6. Thus, it is conclusively proved that the sale in the auction was made by the respondent in favour of M/s. DD Leasing Ltd. and the said Company also made payment of the entire amount and thus, the Contract of Sale was in between the respondent and M/s. DD Leasing Ltd. In accordance with the terms and conditions of auction sale the change in the name of the allottee could not have been allowed by the respondent under any circumstances and, therefore the lease is to be executed in the name of the allottee which in the present case is M/s. DD Leasing Ltd. However, if and when a transfer of the plot takes place in between the allottee recognised by the respondent and the petitioner herein is required to pay the demands for payment of unearned increase which is raised in accordance with the provisions of the Rules. In this connection reference may be made to the guidelines of Land Management circulated by the respondent vide No. LSA/1 1(6)87 policy cases/unearned increase dated 6.8.88. Clause 2 of the guidelines has relevance to the facts and circumstances of the present case. The said clause amongst others provides as follows:

"In case where a Private Limited Co. Public Limited Co. separately floating a new Co. although Directors may be the same of the name of the Old Co. has not changed and is still exist as it was, 5% unearned increase would be chargeable in such cases."

Clause 3, provides that interest @ 5% per annum on unearned increase from the date of the receipt of the application intimating the change till the payment by the Company or Individual firm shall be charged on the amount the unearned increase payable to the Delhi Development Authority.

8. Strong reliance was placed by the counsel appearing for the respondent on the action on the part of the respondent in issuing a 'No Objection Certificate' dated 11.6.1986 in favour of the petitioner. A copy of the said letter has also been placed on record which indicates that a 'No Objection Certificate' was issued in the name of the petitioner by the respondent in respect of the aforesaid plot. Relying on the aforesaid fact as also the fact of handing over possession of the plot in question to the petitioner it was submitted that the respondent recognised the petitioner as the lessee.

9. In my considered opinion, the said contention is misplaced for the actual allottee of a piece of land could claim recognition only in accordance with law and not, otherwise. Although the petitioner was given a no objection certificate by the respondent and was also given possession, the same could not vest any right on the petitioner to claim exemption from making payment of unearned increase if the petitioner was, otherwise, liable to pay in accordance with the provisions of the Rules and Schemes framed by the respondent. According to the contents of the guidelines referred to above and also according to the terms and conditions of the Auction sale, the allottee in the present case was M/s. DD Leasing Ltd. and any change made in respect of the ownership could be done only by way of a transfer for which payment for unearned increase has to be made. The allottee herein was M/s. DD Leasing Ltd. and, therefore the subsequent change of the ownership in favour of the petitioner could be recognised only when payment of unearned increase is made. The fact of handing over possession of the plot in question to the petitioner and issuance of a 'No Objection Certificate' in the name of the petitioner by the respondent do not and cannot change the aforesaid legal position and, therefore, they have no relevance in the facts and circumstances of the case.

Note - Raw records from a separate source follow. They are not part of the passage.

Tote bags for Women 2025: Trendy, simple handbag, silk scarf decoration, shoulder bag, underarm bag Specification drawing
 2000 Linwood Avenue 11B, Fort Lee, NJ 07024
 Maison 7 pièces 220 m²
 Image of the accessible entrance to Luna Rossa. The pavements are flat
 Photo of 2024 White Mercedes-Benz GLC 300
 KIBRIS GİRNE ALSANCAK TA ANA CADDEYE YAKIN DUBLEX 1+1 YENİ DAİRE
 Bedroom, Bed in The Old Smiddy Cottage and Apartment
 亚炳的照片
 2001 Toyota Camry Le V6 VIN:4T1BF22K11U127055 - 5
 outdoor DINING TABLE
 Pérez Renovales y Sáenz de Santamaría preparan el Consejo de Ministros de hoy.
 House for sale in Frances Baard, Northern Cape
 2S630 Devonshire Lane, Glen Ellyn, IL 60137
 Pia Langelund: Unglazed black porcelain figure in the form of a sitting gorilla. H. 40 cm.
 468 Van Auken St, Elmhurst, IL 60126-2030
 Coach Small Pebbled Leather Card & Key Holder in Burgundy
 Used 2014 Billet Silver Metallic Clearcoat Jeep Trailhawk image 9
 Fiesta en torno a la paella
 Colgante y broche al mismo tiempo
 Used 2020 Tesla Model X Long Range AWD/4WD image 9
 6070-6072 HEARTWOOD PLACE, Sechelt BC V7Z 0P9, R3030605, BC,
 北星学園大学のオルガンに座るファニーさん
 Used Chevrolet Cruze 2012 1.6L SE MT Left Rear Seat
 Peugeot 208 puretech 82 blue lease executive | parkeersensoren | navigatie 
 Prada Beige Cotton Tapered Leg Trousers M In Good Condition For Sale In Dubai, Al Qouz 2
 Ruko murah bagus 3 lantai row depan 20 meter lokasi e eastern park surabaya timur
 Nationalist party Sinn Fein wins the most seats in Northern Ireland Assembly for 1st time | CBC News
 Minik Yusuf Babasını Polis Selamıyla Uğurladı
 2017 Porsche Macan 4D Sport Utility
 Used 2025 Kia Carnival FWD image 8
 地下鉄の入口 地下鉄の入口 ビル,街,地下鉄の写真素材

10. Accordingly, it is held that the petitioner is liable to pay the unearned increase in terms of the demand raised by the respondent alongwith interest thereon at the rate as applicable in terms of the guidelines. During the pendency of the writ petition the petitioner paid an amount of Rs. 4,87,159/- on 12.8.96. The aforesaid fact shall be taken note of by the respondent and on the basis thereof shall issue a fresh demand to the petitioner for payment of the unearned increase as also the interest and on issue of the aforesaid demand, payment shall be made in accordance with the directions of the respondent therein and on completion of all other formalities perpetual lease could be executed in favour of the petitioner.

11. In terms of the aforesaid observations and directions, the petition stands dismissed.